Instead, however, he had developed a knowledge of prevalent trends in German films: he told me about a plot he had in mind for a movie that seemed to represent the mix of comedy and romance that characterizes successful northern German movies made by, and dealing with, migrants and their descendants, such as Kanak Attack (Becker 2000), Kebab Connection (Saul 2004), Head-On (‘Auf der anderen Seite’) (Akin 2004), and Soul Kitchen (idem 2009). Indeed, Hessam also adopted this type of scenario in his productions. However, Milad told me that, before he could realize such a film, he had to get to know German infrastructure and working methods—“culture” (farhang), as he said—better. Frustrated, he added that he only began to understand the social life of Iranians in Hamburg, not to speak of getting to grips with that of Germans. Indeed, the locally successful producer Hessam once told me that he had known many Iranian film professionals in Germany who could not “adapt to the tastes of the German public”. He said, “You can’t make films in Germany the same way as in Iran. You have to have an understanding of German taste and what the German public likes to see” (field notes, April 2014).

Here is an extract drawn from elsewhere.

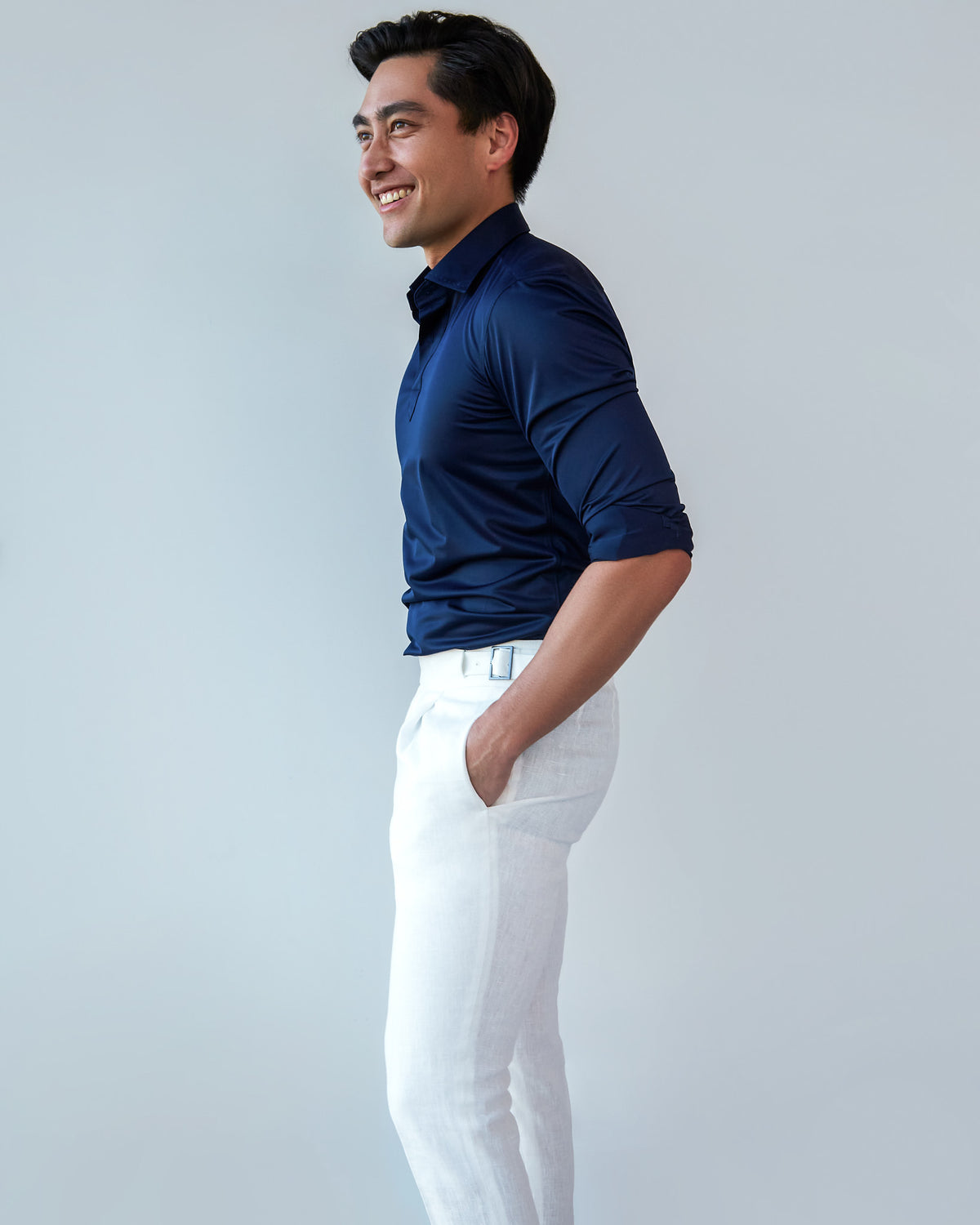 Navy Popover Shirt, side profile with sleeves rolled and a model smiling, white trousers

Contrary to Hushang and Zian, Milad did not complain about meeting barriers to capital creation based on his cultural or racial othering by Germans. What he did complain about is that he did not have access to German contexts other than the small circle of already acquainted internationally orientated film and cultural professionals. Instead of questioning the importance of conveying familiarity through Germany-specific resources, Milad put the blame on himself, for example, in saying that he is too old to learn the language. In sum, to his disillusion, Milad had to find out that his lack of Germany- or Western-specific resources impeded on the acknowledgment of the social and cultural resources he had generated among film professionals in Iran and among international film critics as a capital in German contexts.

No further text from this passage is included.